My fear is that future occupational pensions for many people could be damaged by the introduction of auto-enrolment and NEST, because employers may well take the opportunity to cut back their pension contributions to the NEST minimum. Currently, employers who do provide pensions for their workers are contributing an average of 6% of salary, but the new NEST scheme offers them a chance to cut back to 3% (and the initial contribution level will only have to be 1% of salary). This risk of leveling down poses a threat to current workers, but it is hoped that it will not be a significant problem.

This is a huge experiment and other countries will be watching closely to see how auto-enrolment and NEST work out over the coming years. Workers will need to decide whether to stay in or opt out and even if they opt out, they will be automatically re-enrolled every three years or so, in order to try to encourage them to save in a pension.

In order to help improve the attractiveness of this workplace pension revolution, the Government has recently announced a radical reform of state pensions. At the moment, the state pension system actually undermines private pension saving, because nearly half of pensioners are entitled to means-tested pension credit in retirement. When they claim pension credit, they will lose much, or even all, of their private pension. The proposal to pay all newly retiring pensioners, who have a full National Insurance record, at least £140 a week will remove the risk of mass means-testing for future new pensioners.

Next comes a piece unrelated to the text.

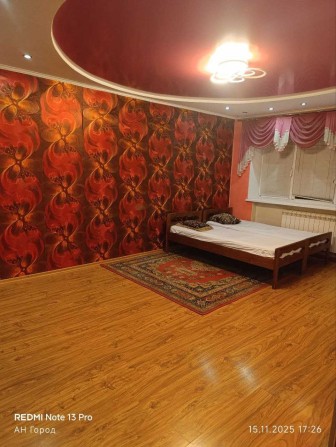 Сдам 1 комнатную квартиру. Без коммунальных услуг.  Павлово Поле. - фото 1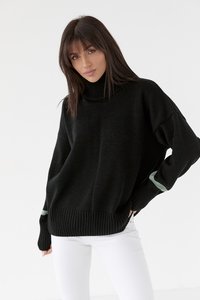 Черный вязаный свитер 220 MarSe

Without this reform, pension saving would be an unsuitable investment for the many low and moderate earners in NEST. They would face the risk of having their pensions penalized by the state system in retirement. By paying a simple, flat-rate pension of £140 a week, the Government would make it clear to everyone that if they want to have more than that in retirement, they will need to save to provide themselves with extra income, or keep working longer.

As occupational pension provision moves away from traditional final salary schemes, it becomes ever more important to help people feel safe about saving for retirement. I hope that the Government will rise to the challenge and secure a better future for us all.